Short descriptive text snippets:

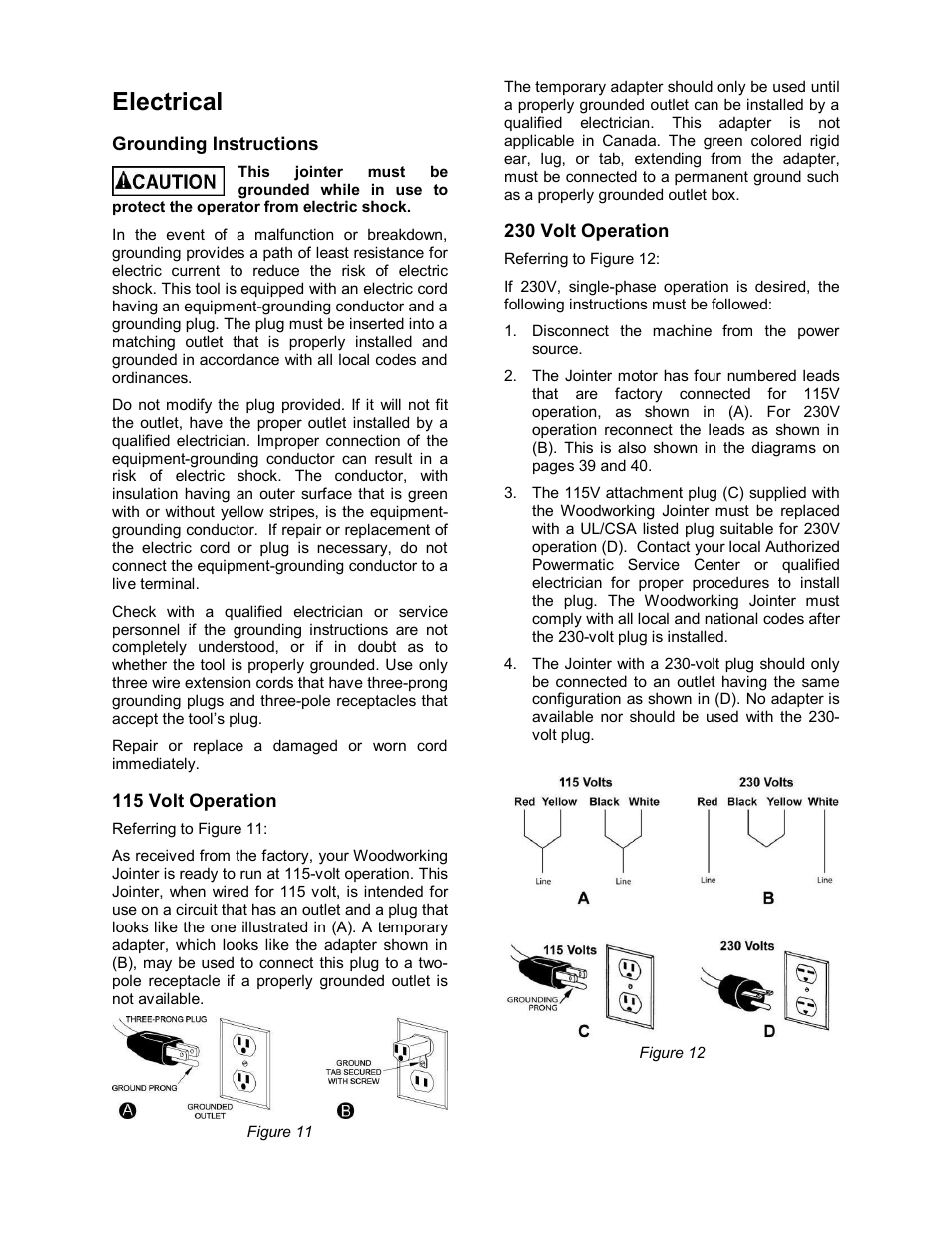 Electrical | Powermatic 54HH User Manual | Page 12 / 40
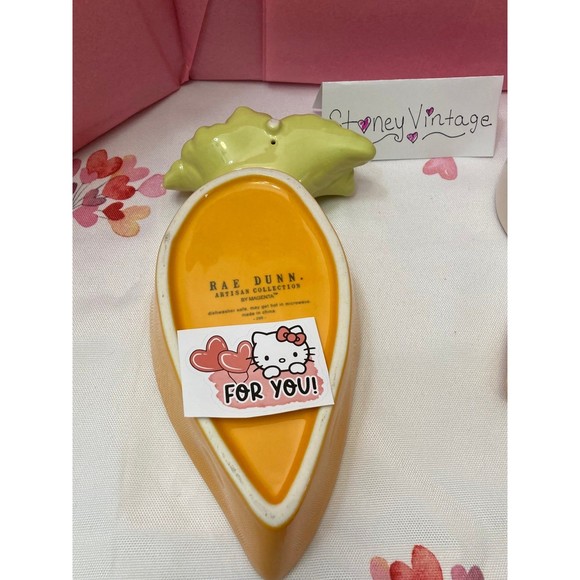 Rae Dunn HAPPY EASTER Ceramic Carrot, I dont Carrot all dish and mug set - Picture 5 of 7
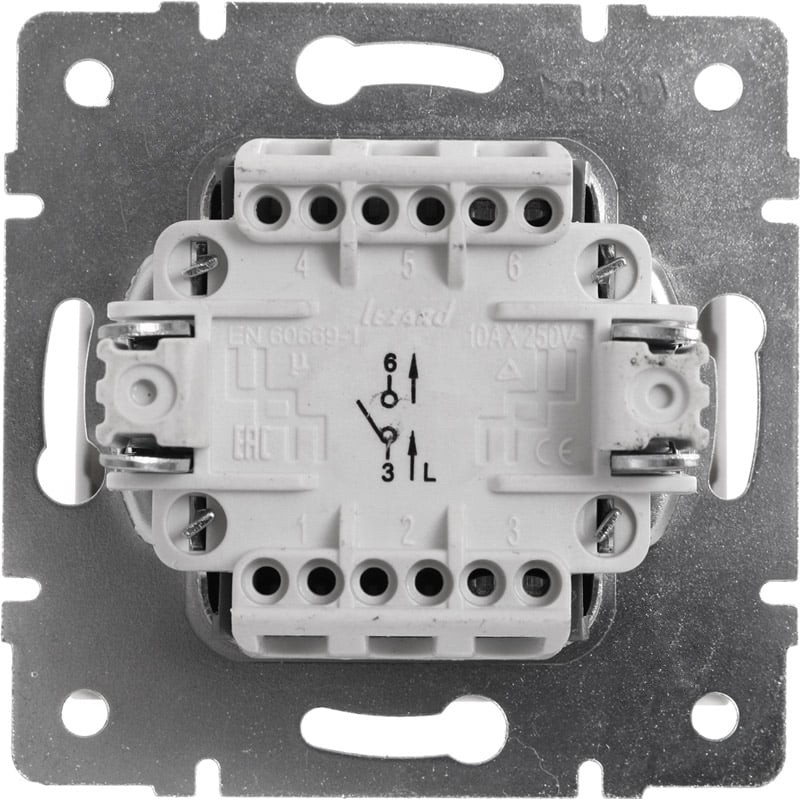 Выключатель одноклавишный LEZARD Rain белый 703-0288-100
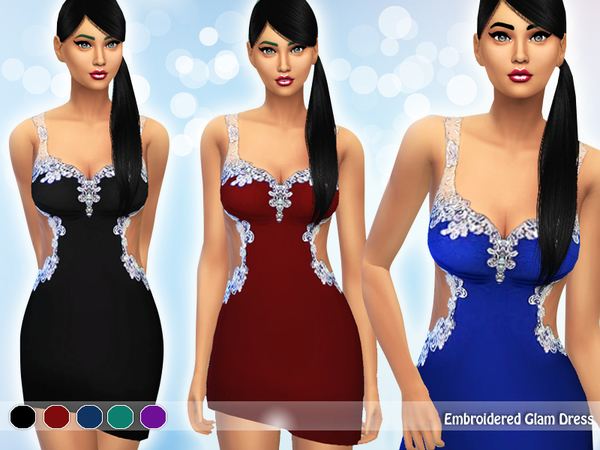  The Sims Resource: Embroidered Glam Dress by Saliwa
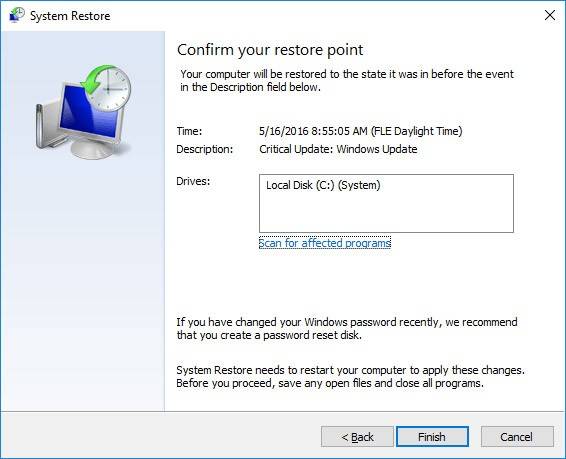 Confirm your restore point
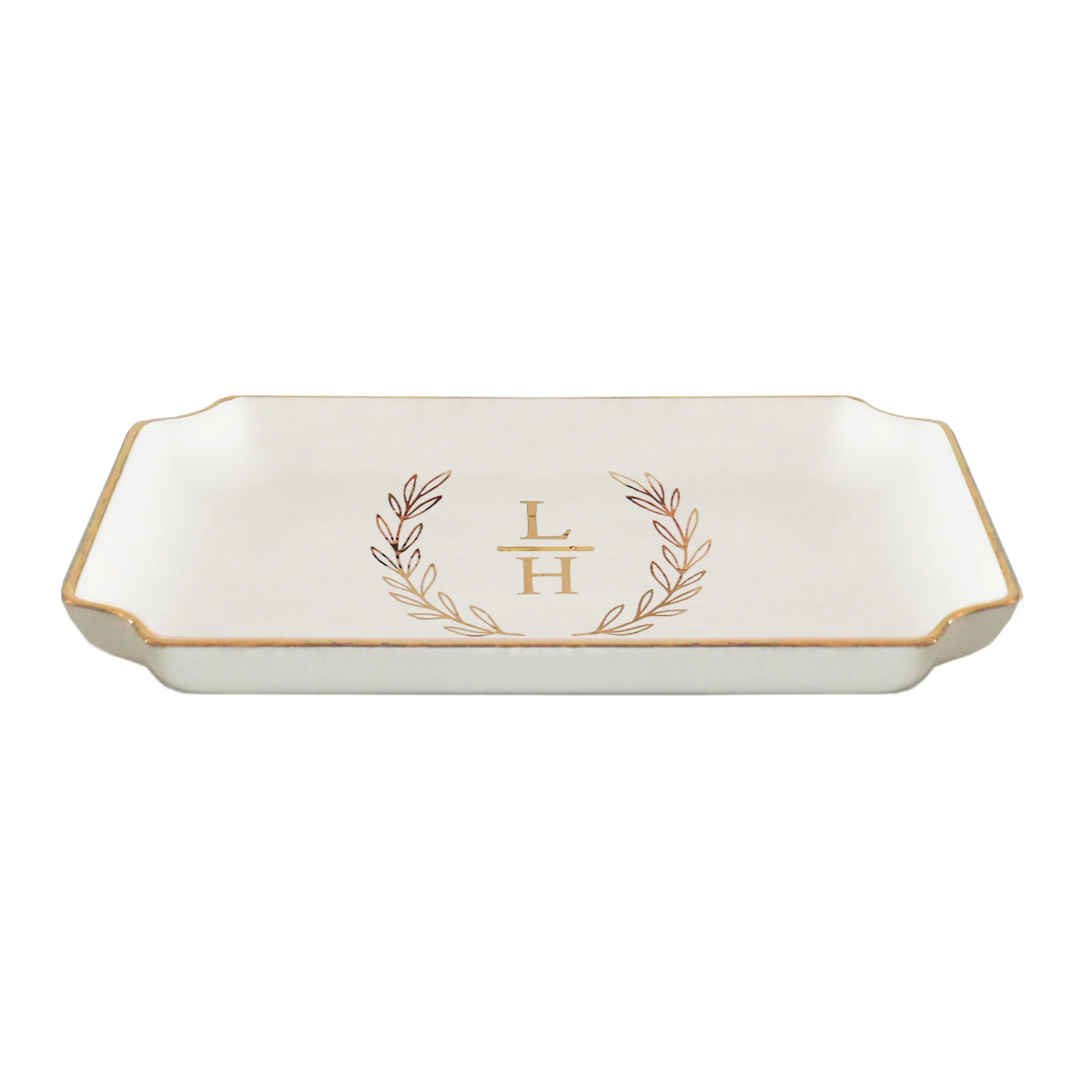 Laurel Wreath Monogram Trays with Gold Accent - Image 7
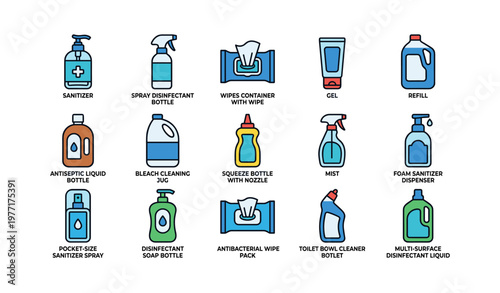 Variety of cleaning and sanitizing products for hygiene and disinfection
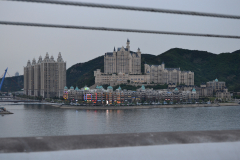 View from the bridge in direction of the city in Dalian, China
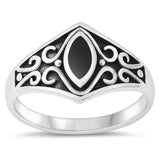 Sterling Silver Black Onyx Celtic Ring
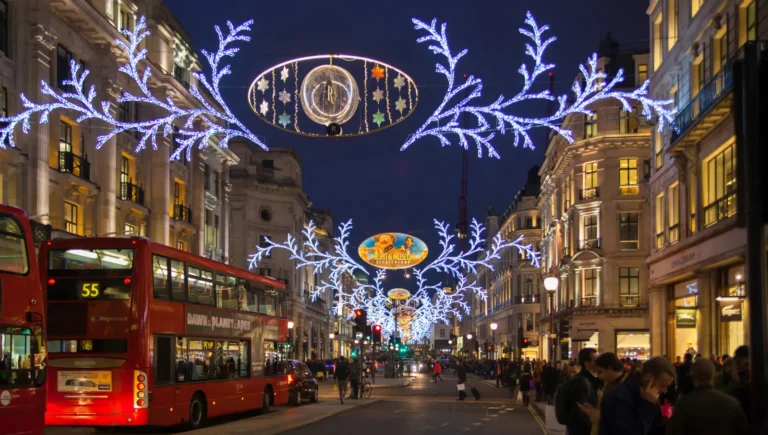 Luxury Travel 14 Regent Street in London beautifully decorated with Christmas lights during Black Friday weekend, bustling with shoppers and iconic red double-decker buses.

__WORK TO COMPLETE__:
Could you set down, exactly as written, every line from the start of the records above through the line containing "Sterling Silver Black Onyx Celtic Ring", leaving the pictures out?

__ANSWER SECTION__:
 Electrical | Powermatic 54HH User Manual | Page 12 / 40
 Rae Dunn HAPPY EASTER Ceramic Carrot, I dont Carrot all dish and mug set - Picture 5 of 7
 Выключатель одноклавишный LEZARD Rain белый 703-0288-100
  The Sims Resource: Embroidered Glam Dress by Saliwa
 Confirm your restore point
 Laurel Wreath Monogram Trays with Gold Accent - Image 7
 Variety of cleaning and sanitizing products for hygiene and disinfection
 View from the bridge in direction of the city in Dalian, China
 Sterling Silver Black Onyx Celtic Ring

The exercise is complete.